Nel 2014 il tasso di capitalizzazione del montante contributivo avrà, per la prima volta in Italia, il segno negativo. Cosa accadrà alle nostre pensioni?
La Legge 08 Agosto 1995, n. 335 “Riforma del sistema pensionistico obbligatorio e complementare“, meglio conosciuta come riforma Dini, con l’Art 1 – Principi Generali – ha ridefinito “il sistema previdenziale allo scopo di garantire la tutela prevista dall’articolo 38 della Costituzione, definendo i criteri di calcolo dei trattamenti pensionistici attraverso la commisurazione dei trattamenti alla contribuzione”.
L’anno 1995 segnò e segna uno spartiacque generazionale tra i lavoratori che potevano fare valere almeno 18 anni di contribuzione alla data del 31/12/1995 e che, quindi, continuavano a beneficiare del sistema di calcolo retributivo e quelli più giovani (senza contribuzione alla data del 31/12/1995) che, invece, passarono al sistema di calcolo contributivo che prevede un trattamento pensionistico commisurato, in maniera proporzionale, ai contributi versati nell’arco dell’intera vita lavorativa. Si ricorda che, con la Legge 22 Dicembre 2011, n 214, inoltre, a fare data dal 01/01/2012 e con il sistema pro-quota, il sistema di calcolo contributivo viene applicato alla generalità dei lavoratori.
Anche questo sistema, muovendosi all’interno di un ordinamento che funziona secondo il criterio della ripartizione (la pensione è sì commisurata alla storia contributiva del lavoratore, ma è comunque pagata dalle entrate contributive correnti del sistema (lavoratori attivi)), resta un sistema pensionistico pubblico o così detto di “primo pilastro”.
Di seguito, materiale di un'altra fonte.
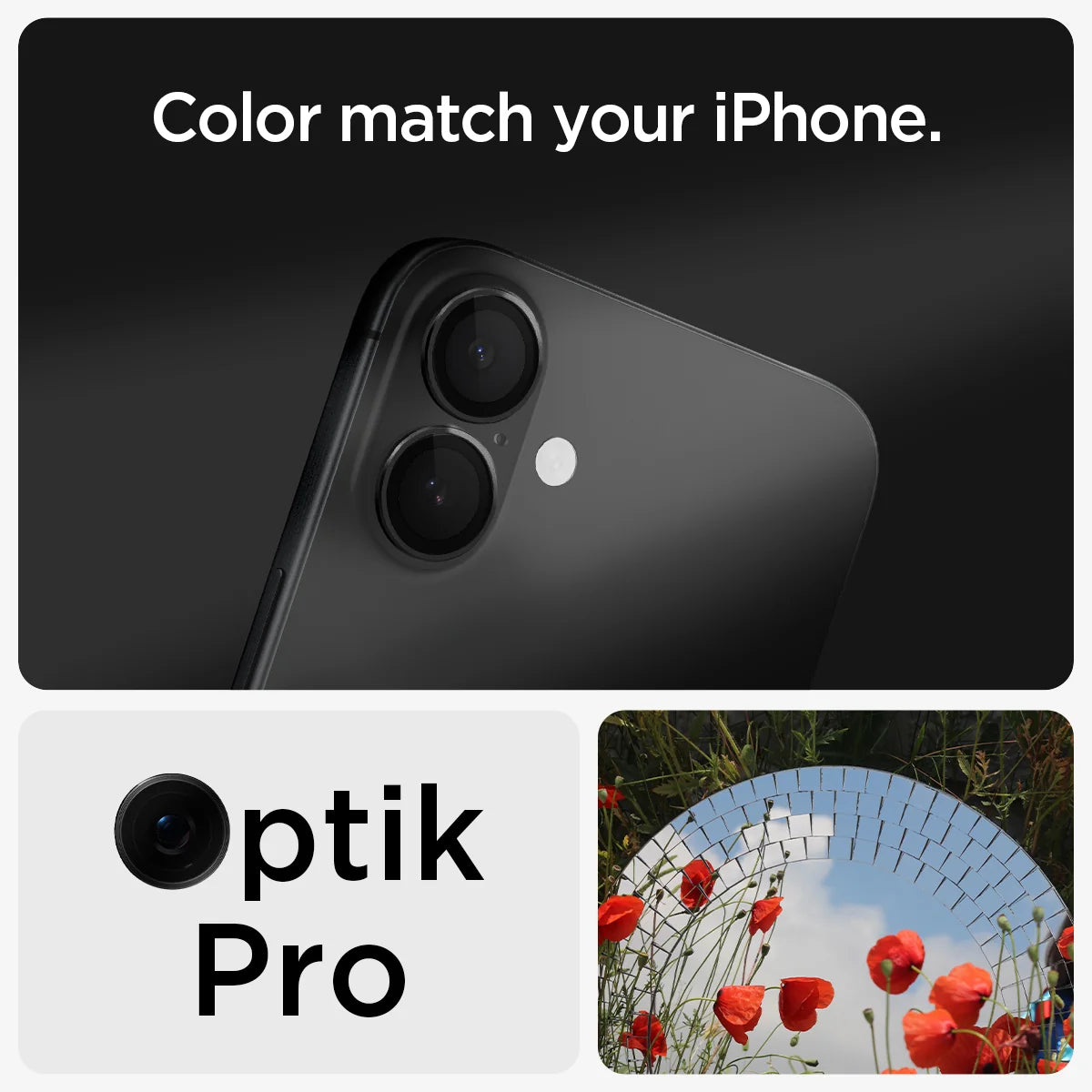 spigencase.it.com
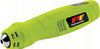 Performance Tool W2082
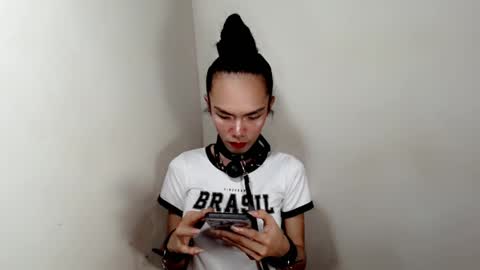 naughtypetiteangel online show from 11.06.25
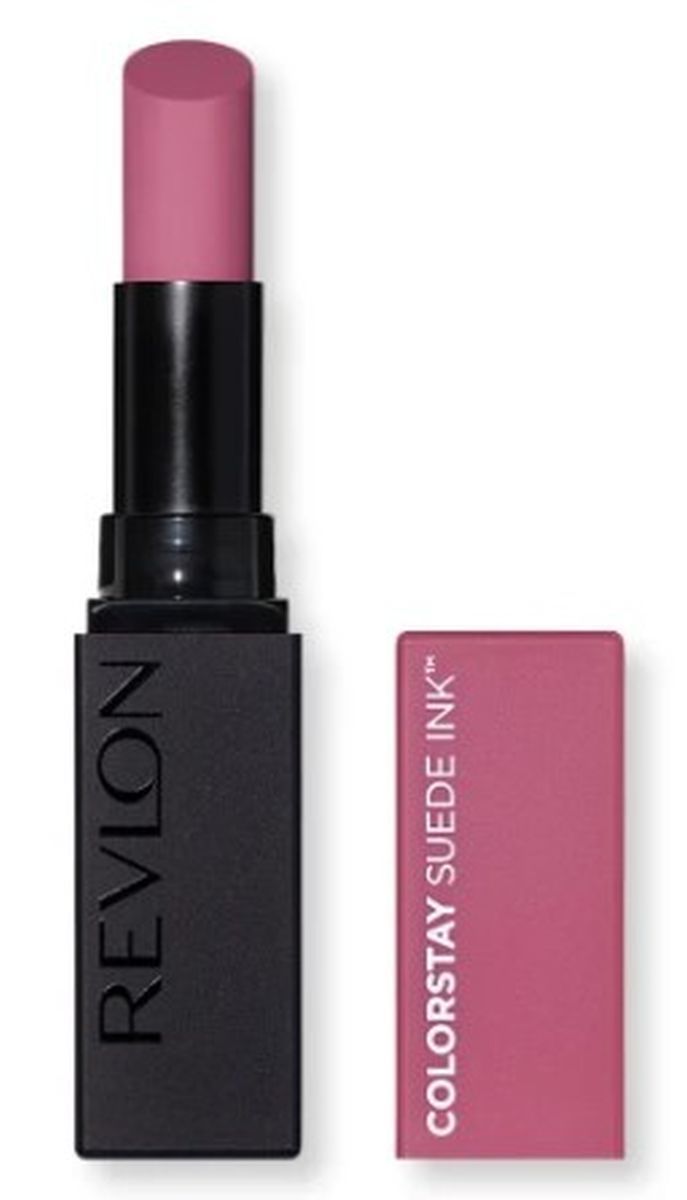 colorstay-barra-de-labios-009-in-charge-255-ml-revlon-mass-market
Differentemente dal retributivo, il metodo contributivo mette in relazione vita contributiva e trattamento previdenziale di ciascun soggetto, quindi, il pensionato riceverà un trattamento commisurato a quanto ha accumulato nel suo periodo attivo. Il suo meccanismo di funzionamento, è incentrato sulla capitalizzazione dei contributi versati che vanno a costituire: il montante contributivo (ciascun lavoratore accantona ogni anno a fini pensionistici una parte del suo reddito lordo imponibile, che si va a cumulare con quanto versato negli anni precedenti, una somma che cresce nel tempo). Tale montante viene capitalizzato (adeguamento del suo valore nel corso del tempo) attraverso l’applicazione di un coefficiente denominato tasso di capitalizzazione, calcolato sulla variazione del PIL nominale, la quale sconta la variazione del PIL reale (legato quindi alla crescita reale del paese) e la variazione del PIL legata all’inflazione. Il tasso di capitalizzazione, che nel 1997 era del 5,6% si è progressivamente ridotto a causa della bassa crescita dell’economia italiana e della ridotta inflazione.
Nel 2014 il tasso di capitalizzazione avrà per la prima volta in Italia il segno negativo.
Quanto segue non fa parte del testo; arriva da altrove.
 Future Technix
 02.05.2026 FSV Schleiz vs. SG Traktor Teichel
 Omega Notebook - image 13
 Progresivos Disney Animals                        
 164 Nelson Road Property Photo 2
La rivalutazione negativa avrà effetti sulla quota di pensione da liquidare con le regole del sistema contributivo e per la prima volta, quindi, il montante contributivo accumulato dai lavoratori diminuirebbe.
Il Decreto Legge 65 del 2015, recante “Disposizioni urgenti in materia di pensioni, ammortizzatori sociali e garanzie sul Tfr”, ha risolto, secondo il Governo, il problema. Alla Legge n 335/95 è stato aggiunto un comma in cui si precisa che “il coefficiente di rivalutazione del montante contributivo… non può essere inferiore a uno, salvo recupero da effettuare sulle rivalutazioni successive”. La relazione tecnica di accompagnamento afferma che “la disposizione è finalizzata a scongiurare la perdita di valore dei trattamenti pensionistici che deriverebbe dalla svalutazione dei montanti contributivi accumulati dai lavoratori”. I coefficienti ricavabili dalle stime del Pil (0,998073 per il 2014 e 1,005331 per il 2015), sono stati modificati per decreto aumentando a 1 il primo e riducendo a 1,003394 il secondo. Di conseguenza i lavoratori subiranno un danno economico, in quanto il montante contributivo non si rivaluta adeguatamente. Sarebbe stato più equo portare ad 1 il coefficiente negativo del 2014 senza visogno di abbassare quello del 2015.
Un’operazione che porterà futuri risparmi alle Casse dello Stato a scapito ancora una volta dei lavoratori?
Alla commissione Lavoro alla Camera, dove il Decreto Legge è in discussione, è stato depositato un emendamento che chiede di modificare questo orientamento.